> _TASK BRIEF_
Below is a listing from which only part is wanted; return exactly the lines from the one with "Suptek Monitor and" up to and including the one with "PROREGAL Robuster Wandascher".

> _DATA SUPPLIED_

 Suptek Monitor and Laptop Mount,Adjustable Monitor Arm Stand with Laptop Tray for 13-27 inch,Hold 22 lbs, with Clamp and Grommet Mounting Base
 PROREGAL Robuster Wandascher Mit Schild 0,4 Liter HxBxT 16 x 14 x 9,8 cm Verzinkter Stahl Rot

...

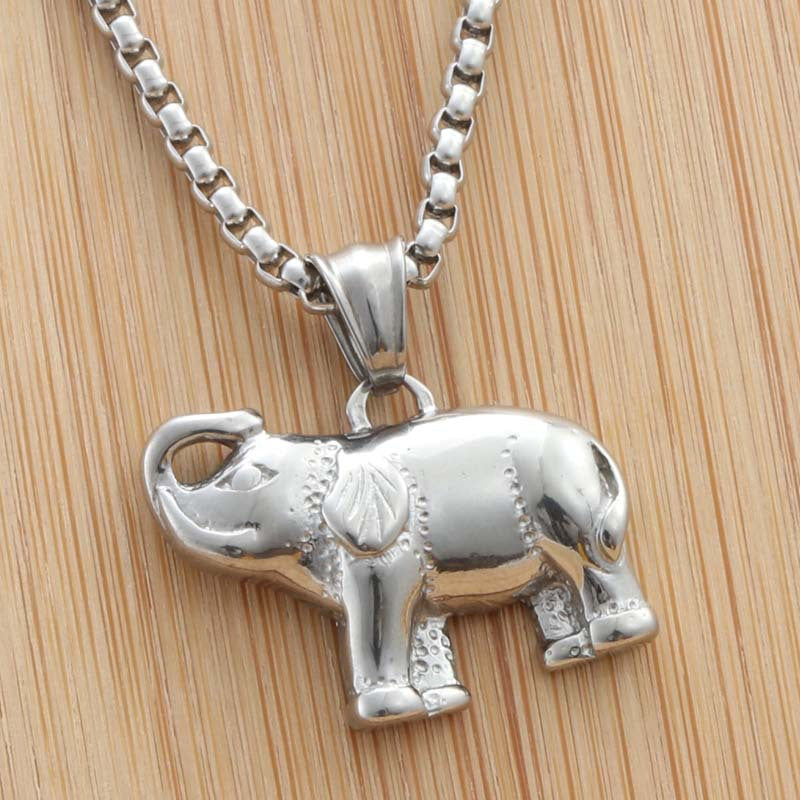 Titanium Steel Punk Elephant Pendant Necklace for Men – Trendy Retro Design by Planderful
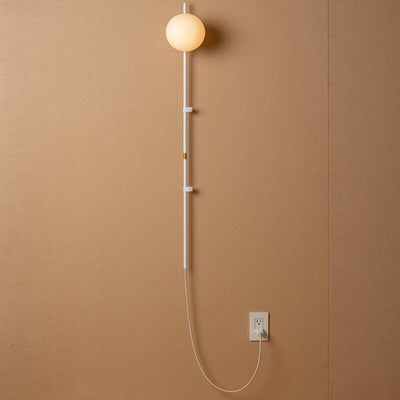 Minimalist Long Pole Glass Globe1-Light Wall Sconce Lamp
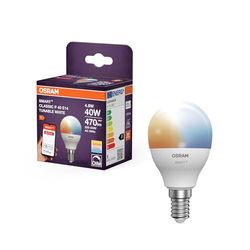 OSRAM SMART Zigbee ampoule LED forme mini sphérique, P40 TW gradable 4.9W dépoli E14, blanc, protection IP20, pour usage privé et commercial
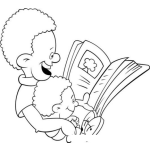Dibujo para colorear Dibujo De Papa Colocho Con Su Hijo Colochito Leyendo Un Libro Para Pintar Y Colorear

...

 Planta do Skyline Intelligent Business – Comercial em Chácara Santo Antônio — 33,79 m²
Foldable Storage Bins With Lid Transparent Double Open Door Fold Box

> _TASK SOLUTION_
 Suptek Monitor and Laptop Mount,Adjustable Monitor Arm Stand with Laptop Tray for 13-27 inch,Hold 22 lbs, with Clamp and Grommet Mounting Base
 PROREGAL Robuster Wandascher Mit Schild 0,4 Liter HxBxT 16 x 14 x 9,8 cm Verzinkter Stahl Rot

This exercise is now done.